A particularly slow driver ahead of me was lighting my fuse. “Come on, Grandma, find the gas pedal!” I said to myself. I begin mumbling and wondering why she couldn’t keep up with the flow of traffic, drive the speed limit, or pick a lane and stay in it. As soon as I labeled the driver, it struck me that I was a “Grandma” now, and I felt embarrassed as I thought about why that driver might be moving slower than was convenient for me: perhaps she was looking for a street or address, and was having trouble reading the too-small street signs or the numbers on the houses, perhaps she’d received bad news about a family member, maybe her doctor had told her she had an incurable disease, or she was worried about how to pay next month’s rent.
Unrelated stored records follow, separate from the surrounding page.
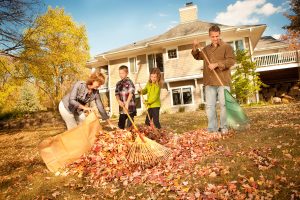 family cleaning front yard of Kelowna real estate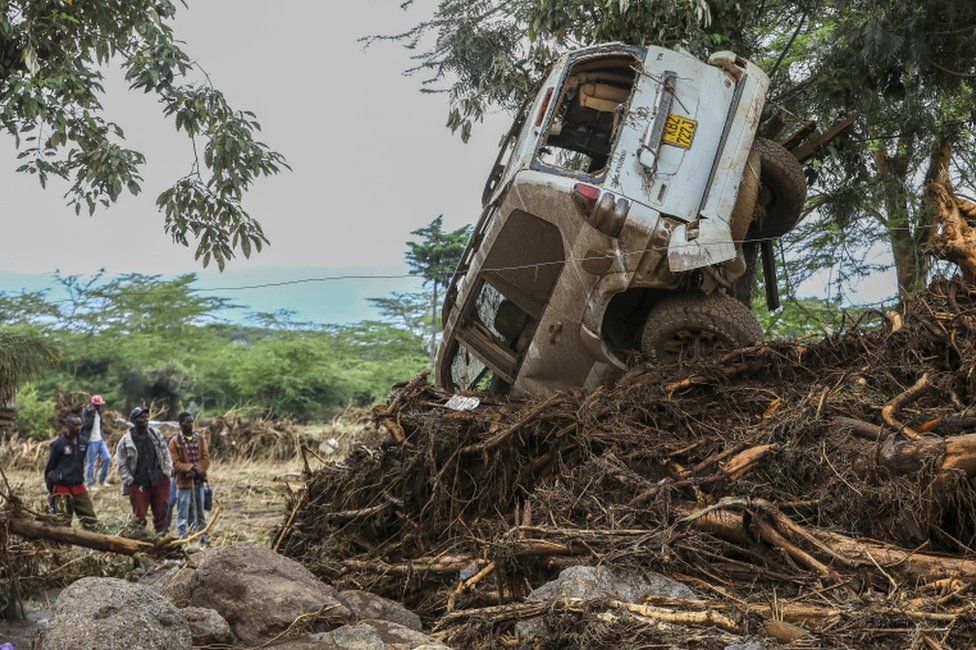 People look at a damaged car after flash floods in Mai Mahiu, in the Rift Valley region of Naivasha, Kenya, on 30 April.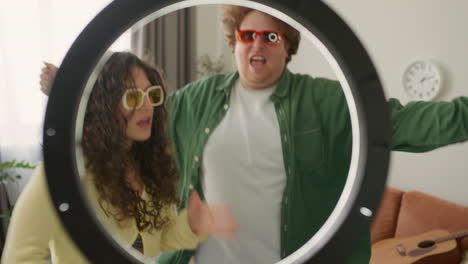 young bloggers dancing in front of ring light, recoding video content at home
I don’t have a magic wand, but now, whenever I want my pound of flesh or expect someone to do it “my way,” I remember that epiphany. I “step” around to see the other side of a situation—and therein lies the magic. Think about what a person who has offended you might be experiencing, feeling, thinking. By trying to see life from someone else’s perspective, you will want patience, forbearance, tolerance, understanding, and kindness provided for you when you aren’t yourself, when you’re struggling with circumstances, or you’re distracted, tired, overwrought. This will help you have what you need, to apply the Golden Rule–Do Unto Others as You Would Have Them Do Unto You. Would you want someone to hold onto a hurt, a grudge, a desire to seek revenge if you were the offender, or would you want him or her to be gracious, generous and Christ-like by turning the other cheek, showing forgiveness, love and compassion?
When someone hurts us, physically or emotionally, human nature can take over and our only thoughts are about protecting our self from further damage. Too often, we try to affix blame and carve the memory of that affront deeply in our minds, using it as a rationale for our own negative response. You may ask, “But what if the offender isn’t suffering or having personal issues that prompted her to do something hurtful? What if she is just being mean? Isn’t it only fair that I have a right to show someone how it feels to be hurt?” Simple answer: No. Using this formula, where will it all end? There’s an old saying about revenge, “If you take an eye for an eye and a tooth for a tooth, in the end the only thing you’ll have is a blind and toothless person.” This isn’t a matter of who is right and who is wrong! Charity, forgiveness and compassion—the formula for a happy life—are not tied to the rational thinking of the mind; they are tied to choices of the heart.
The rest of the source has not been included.